*** Opening of Material for the task ***

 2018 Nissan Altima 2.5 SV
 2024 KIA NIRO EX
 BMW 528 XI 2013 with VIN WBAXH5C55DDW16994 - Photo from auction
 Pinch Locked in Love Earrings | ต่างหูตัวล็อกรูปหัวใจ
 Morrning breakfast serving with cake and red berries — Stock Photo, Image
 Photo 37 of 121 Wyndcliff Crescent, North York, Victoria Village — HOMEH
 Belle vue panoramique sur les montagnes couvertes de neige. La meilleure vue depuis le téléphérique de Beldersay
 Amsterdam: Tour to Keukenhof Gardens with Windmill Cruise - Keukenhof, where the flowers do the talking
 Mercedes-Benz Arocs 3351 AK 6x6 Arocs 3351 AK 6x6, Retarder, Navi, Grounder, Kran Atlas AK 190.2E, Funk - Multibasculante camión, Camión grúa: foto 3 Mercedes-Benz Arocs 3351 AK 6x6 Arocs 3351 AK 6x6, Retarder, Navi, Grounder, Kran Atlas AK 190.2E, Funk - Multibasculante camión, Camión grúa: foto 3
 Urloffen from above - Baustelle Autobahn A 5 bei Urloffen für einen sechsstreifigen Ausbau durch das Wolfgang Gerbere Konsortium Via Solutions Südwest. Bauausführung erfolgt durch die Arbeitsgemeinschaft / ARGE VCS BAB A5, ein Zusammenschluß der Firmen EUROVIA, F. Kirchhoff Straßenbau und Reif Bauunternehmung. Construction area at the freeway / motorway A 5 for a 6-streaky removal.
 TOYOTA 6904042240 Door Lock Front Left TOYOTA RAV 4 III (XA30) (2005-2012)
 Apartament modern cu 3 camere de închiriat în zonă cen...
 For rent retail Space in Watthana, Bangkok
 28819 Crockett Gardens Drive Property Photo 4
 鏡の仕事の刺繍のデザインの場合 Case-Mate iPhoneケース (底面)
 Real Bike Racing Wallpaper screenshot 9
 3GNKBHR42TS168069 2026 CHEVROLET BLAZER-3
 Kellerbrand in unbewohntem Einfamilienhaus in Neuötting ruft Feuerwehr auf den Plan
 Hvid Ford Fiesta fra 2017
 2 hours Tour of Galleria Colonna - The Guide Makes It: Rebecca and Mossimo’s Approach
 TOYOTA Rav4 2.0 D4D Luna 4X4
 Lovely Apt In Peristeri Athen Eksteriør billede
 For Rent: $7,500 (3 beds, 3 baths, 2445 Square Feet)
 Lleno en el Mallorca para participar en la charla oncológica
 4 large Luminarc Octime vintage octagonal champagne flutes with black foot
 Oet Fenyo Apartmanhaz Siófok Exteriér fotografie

*** Close of Material for the task ***

● Assignment:
If a line in the data above holds the string "from", report that line.

● Response below:
 BMW 528 XI 2013 with VIN WBAXH5C55DDW16994 - Photo from auction
 Urloffen from above - Baustelle Autobahn A 5 bei Urloffen für einen sechsstreifigen Ausbau durch das Wolfgang Gerbere Konsortium Via Solutions Südwest. Bauausführung erfolgt durch die Arbeitsgemeinschaft / ARGE VCS BAB A5, ein Zusammenschluß der Firmen EUROVIA, F. Kirchhoff Straßenbau und Reif Bauunternehmung. Construction area at the freeway / motorway A 5 for a 6-streaky removal.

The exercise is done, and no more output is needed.